The pleasure gardens with intricate replicas of trees, herbs and flowers, all wrought in silver and gold.

He gazes eagerly ahead. There is mud, green bush, river and more bush stretching as far as the eye can see. And there are no seagulls. Unlike the coast of England where the birds had shrieked them such a noisy farewell, this coast is utterly silent.

The body of an Amerindian is falling through the mists, a brown leaf curling and twisting downwards until it reaches the earth with a thud like fruit.

A low mournful hoot signals the departure of the SS
Essequibo
as it steams out of the Demerara into the Atlantic.

A young man of twenty-one braces himself against the rail taking deep breaths of the future. There is not much of the African left in his appearance, a hint of it perhaps in the tawny colour of a complexion mixed over generations with Scottish, Amerindian and Portuguese. He lets go of the rail and strolls towards the prow of the ship. His eyes never leave the horizon. Not once does he look back as the land recedes away behind him, because

In England there is a library that contains all the books in the world, a cathedral of knowledge the interior of whose dome shimmers gold from the lettering on spines of ancient volumes.

In England there are theatres and concert halls and galleries hung from ceiling to floor with magnificent gold-framed paintings and all of these are peopled by men in black silk opera hats and women with skins like cream of coconut.

In England there are museums which house the giant skeletons of dinosaurs whose breastbones flute into a rib-cage as lofty and vast as the stone ribs inside Westminister Abbey, which he has seen on a postcard.

This is what will happen.

He will disembark in the industrial docks of Liverpool to the delicious shock of seeing, for the first time, white men working with their hands.

For a year he will study law at the Inns of Court in London.

In the Great War of Europe, two of the fingers of his left hand will be torn off by shrapnel. A bluish wound will disfigure the calf of his leg. The thundering of the artillery will render him stone deaf in one ear and after a period of rehabilitation in Shorncliffe, Kent, he will be returned to his native land where his mother, brothers and sisters wait for him on the verandah. He brings with him a letter signed by the King of England which his mother frames and hangs in the living-room. It says:

‘A Grateful Mother Country Thanks You For Your Sacrifice.’

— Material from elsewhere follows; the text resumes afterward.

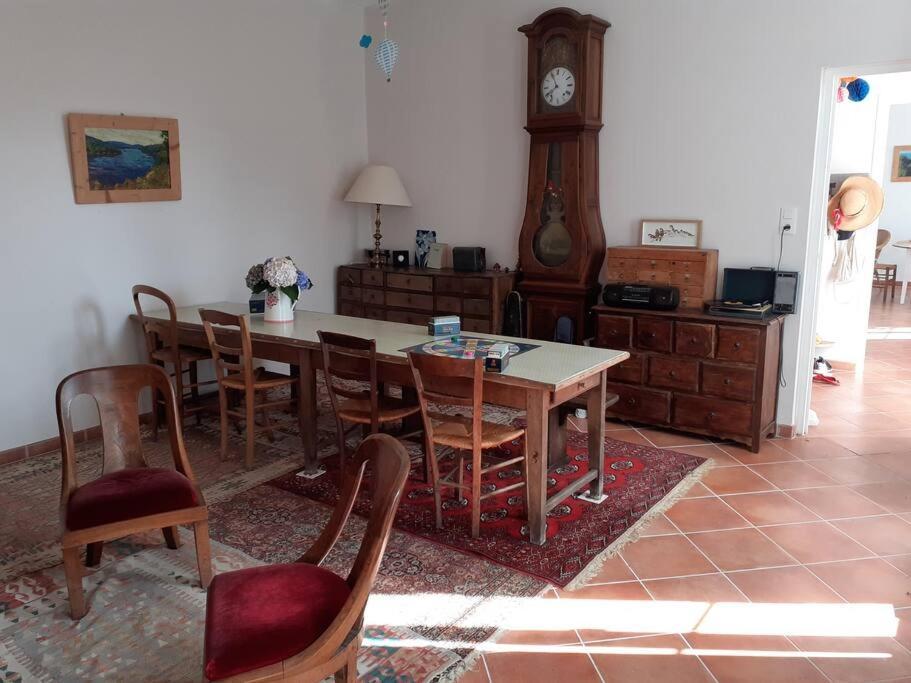 Vila Ker Madette Gouarec Exteriér fotografie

They are drenched with spray, Wat, his father and six of the crew, clinging to the rocks at the base of the giant falls of Kaeitur, a waterfall so enormous that it makes the sound of a thousand bells as the column of water falls thousands of feet to the River Potaro below. Each one of them is exhausted, but above all, perplexed. For two weeks they have travelled up river led by an Arawak guide. Before they set off they explained carefully to him through an interpreter that they were seeking the mountain of crystal. And this is where he has brought them.